The Non-Material "Noise"
In my
view, several points being quoted in the media are symptoms, not causes. They
are not "material" to solving the problem, but rather the sound of
the engine breaking down.
- Labor Violence as a
"Dispute":
The stone-pelting and arson in Haryana’s Manesar and Noida (reported in April
2026) are often quoted as "labor disputes." I disagree.
These are not disputes; they are the "social manifestation" of
inflation outpacing stagnant wages for a decade.
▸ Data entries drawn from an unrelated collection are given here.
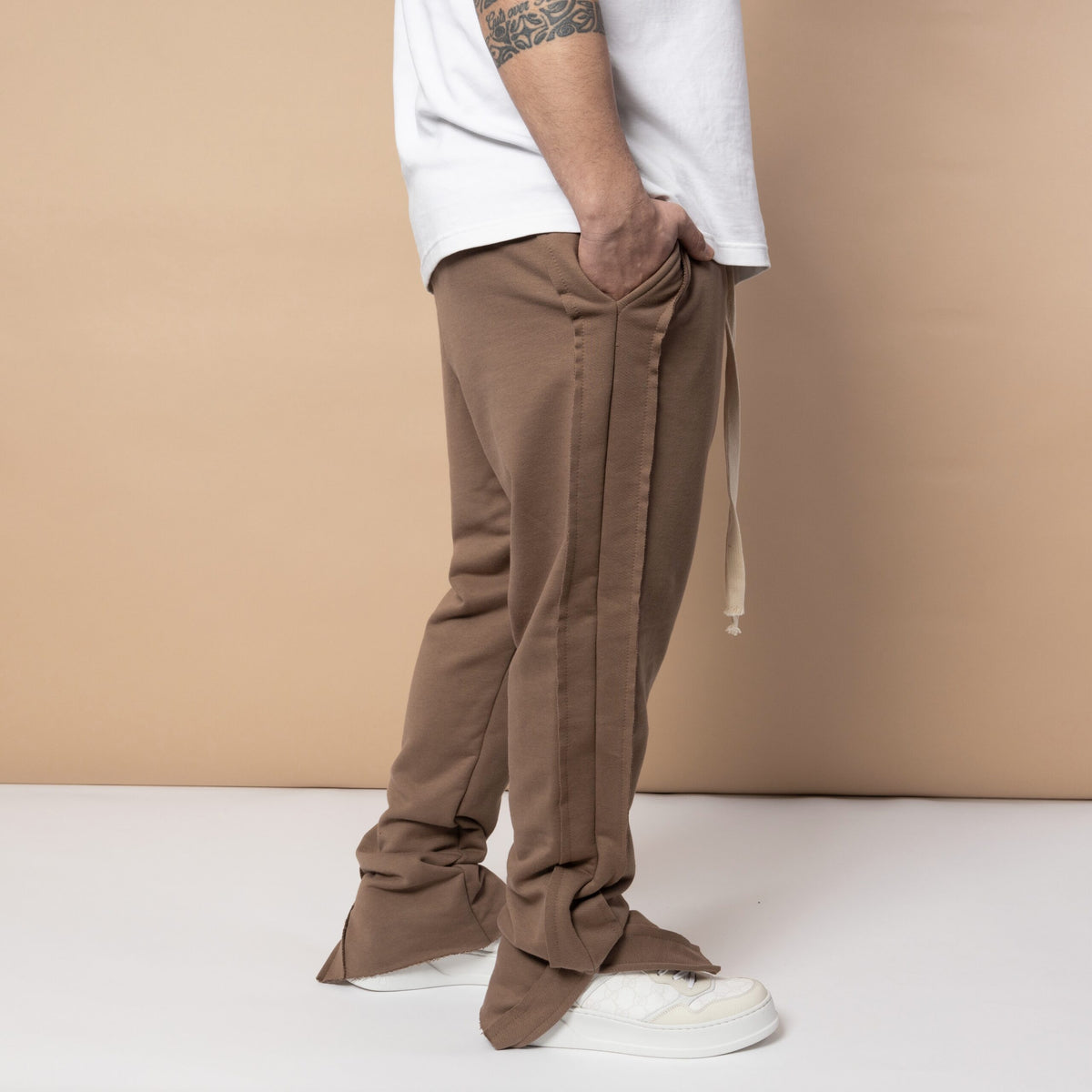 Pantaloni Brooklyn Maro Deschis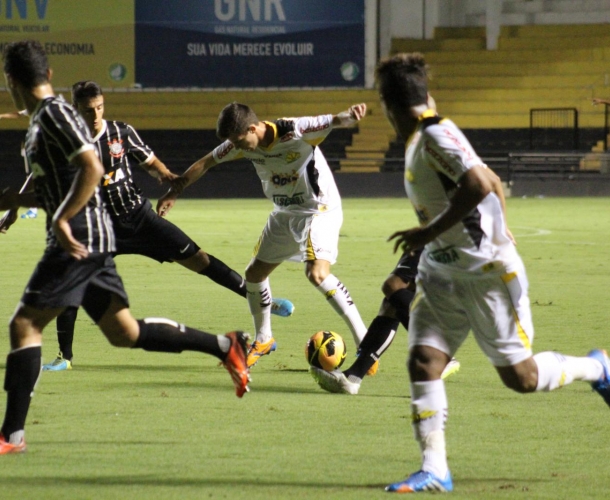 Sub-17 busca classificação contra o Corinthians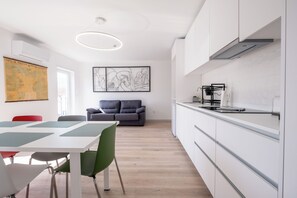 Deluxe Apartment, 3 Bedrooms, Private Bathroom, Poolside | Private kitchen | Highchair - Villa Montês (Arganil)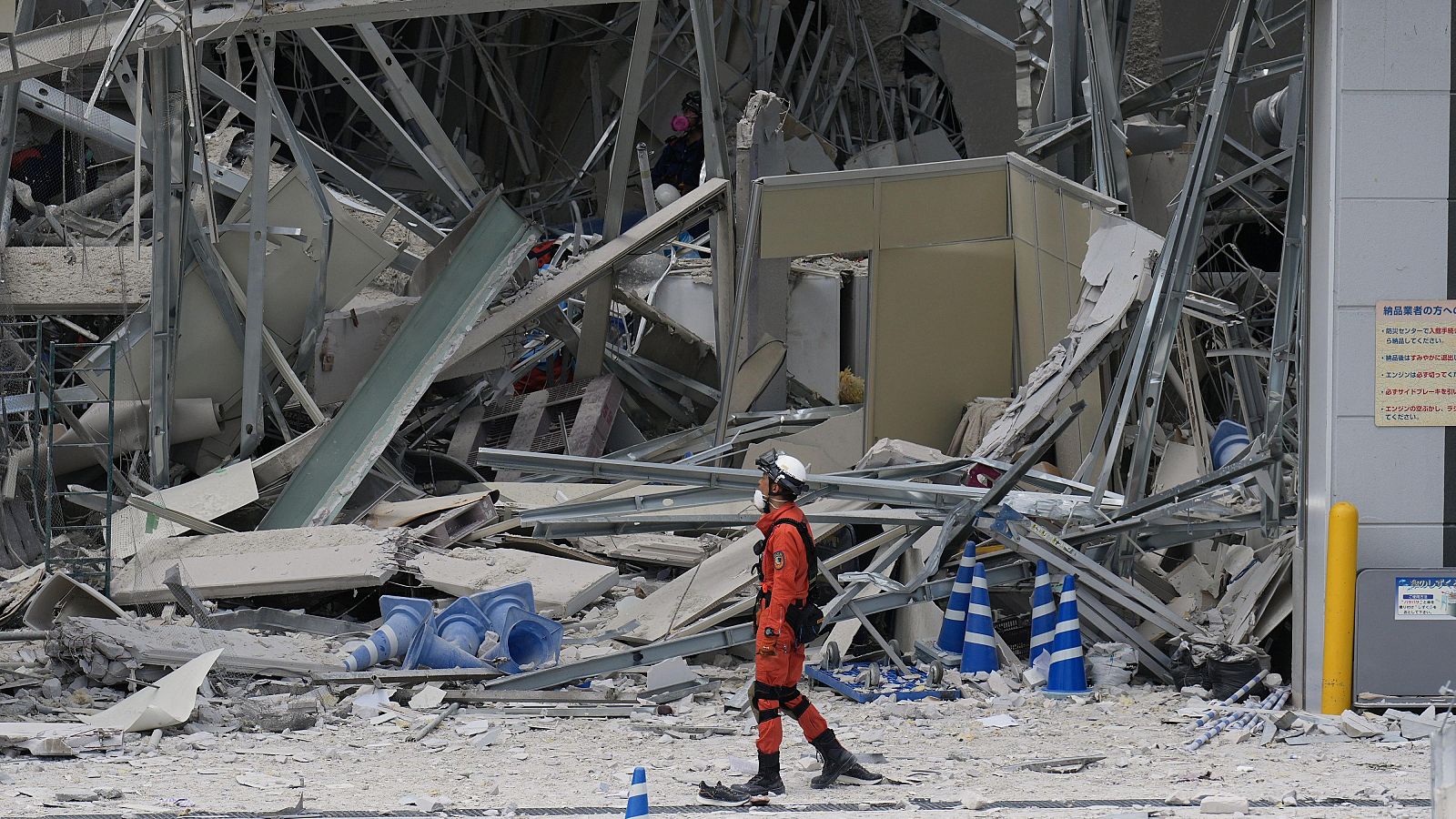 Suben a 13 los muertos tras el terremoto de magnitud 7,1 en Japón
Treating this as a
law-and-order issue is a distraction from the economic root.
- RBI’s
"Displeasure":
The RBI expressing "deep displeasure" at banks in March 2026
for profiting from currency gaps is a rhetorical point. Banks will always
arbitrage where gaps exist; the material issue is the $40 billion
in NDF positions that the RBI cannot directly control.
- "Hope" for Peace: Projections relying on the
"fragile ceasefire" between the US and Iran announced in early
April 2026 are speculative. Banking on geopolitical calm isn't a
policy; it’s a prayer.
Final
Assessment: The Middle-Class Trap
As we
look toward FY27, where the Current Account Deficit (CAD) could rise to $50–60
billion, the window for the middle class to improve their standard of
living is closing.
The
policy initiated in April 2026—a 35% hike in minimum wages for
unskilled workers in Haryana—is a reactive "crisis response," not a
stable institutional design. Until we implement automatic inflation-linked
wage revisions and move away from the "contractualization" that
has doubled over the last 20 years, the middle class will continue to
see their income gains swallowed by the "cooking oil tin and the gas
cylinder bill."
The time
bought by our foreign exchange buffers is running out. We are currently
managing volatility, but we are not yet enabling growth.
This piece owes its intellectual spark to the work of Ajit Ranade and Ananth Narayan, though the responsibility for the framing of this narrative and any technical shortcomings lies solely with me.